First, I highly recommend this QUIZ (I really like quizzes, ok!) because it will get you to the root of your ideal fragrance.  Well, it might.  It told me I was really into fruity scents, which is pretty true (see below). What did you get!??!

  • “Fruity scents with notes of melon, raspberry and apricots combined with flowers like peony, rose or magnolia are the perfect complement to your bubbly personality. Nothing beats a high-energy aerobic workout to keep you looking fit and fabulous in flirty, feminine threads, while steamy, summer heat harks back to a love of all things tropical. Clean, effervescent fragrances exude a sparkle similar to your own personality and are the perfect match for your energetic, healthy lifestyle.”
this is what I hope you imagine my life is actually like based on that description of my fragrance portfolio 

Anyway, once you’ve determined the keystone to your scent portfolio, if you will, you can start browsing the essential oil options at your health store and craft something magical that’s all your own.  Over winter break I made a little face moisturizer that has some grapefruit, bergamot, ylang ylang, and neroli and I used jojoba oil as the carrier.  Because the scents are in oil form, I can use it on my face, as a body lotion, or a few dabs as a perfume.  The possibilities are endless!

my grapefruit/bergamot/ylang ylang/neroli concoction is in the tall blue bottle

This is a great listing of some standard essential oils with descriptions of their properties.  Not only are they great fragrances that you can mix and match, but many of them can also be selected for specific therapeutic properties.  For example, jasmine is calming and romantic, ginger is strengthening, and sweet orange is cheering.

Ok, if you’re ready, here’s a fantastic guide on the wonderful world of DIY perfume.  Smell ya later!
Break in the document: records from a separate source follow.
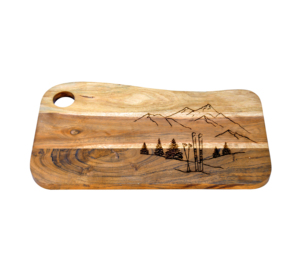 Tabla de queso láser de madera de acacia para cortar frutas y servir alimentos accesorio de cocina tabla de cortar Charcutier - Product Image 1
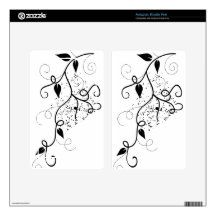 Vector ivy swirl branch girly chic floral nature
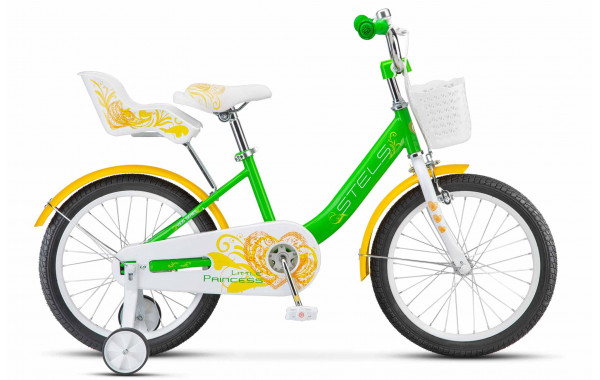 Велосипед 16" Stels Little Princess KC Z010 LU098762 Салатовый 2024 600_380
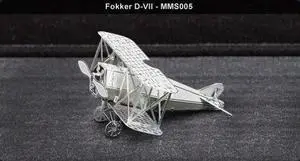 Fokker D-VII Airplane - Metal Works - Building Sets by Fascinations (MMS005)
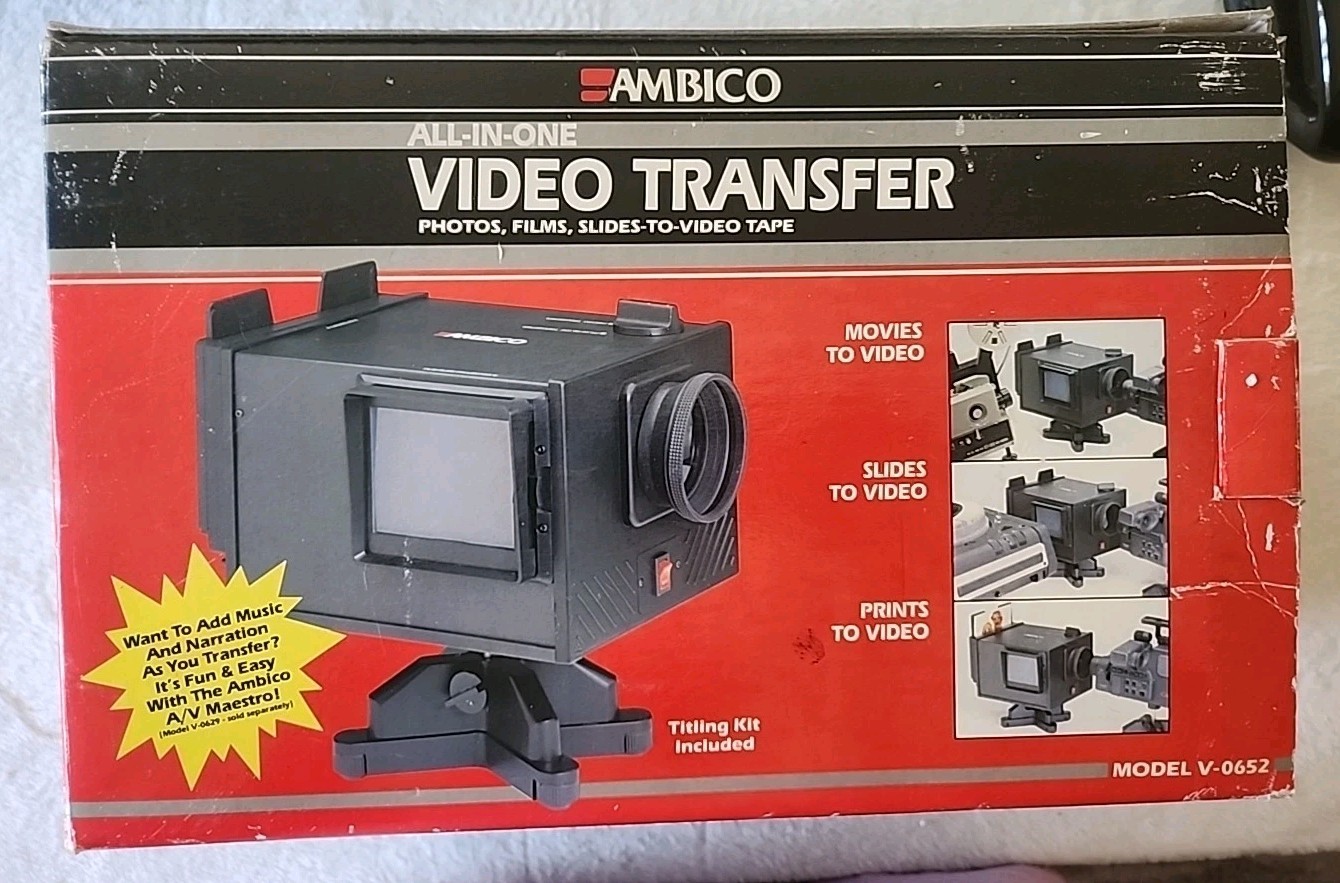 Ambico All-in-One Video Transfer for Photos, Films, and Slides to DVD Tape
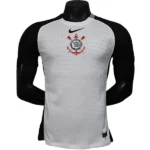 Casa Jugadores Camiseta Corinthians Paulista 2025 2026 Blanco Negro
P.S. One time my roommate told me I always smell like Almond Extract.  Have I seriously considered using it as a perfume? Yes. I wish I could link to a sample scent online so you could smell it right now. I pour it into my coffee every morning and wish that it would start bioaccumulating so I could smell just like it at all times.

P.P.S. Tell me your answer’s to Laura’s challenge!  Dish on your beauty routine already!


5 responses to “Perfume: the Good, the Bad, and the Smelly

  1. I got “marine scents”…I do like soft and soothing so I guess that’s a pretty good description!

    Marine, oceanic scents, combining notes of rain, melon, grapes or cucumber with cyclamen, water lily or honeysuckle, reflect your temperamental, artistic nature. Your multifaceted personality is reflected in your love of luxurious fabrics (think silk and cashmere), crisp colours like blue and white, and a penchant for exotic food. Your ideal scent is as multifaceted and distinctive as your own disposition.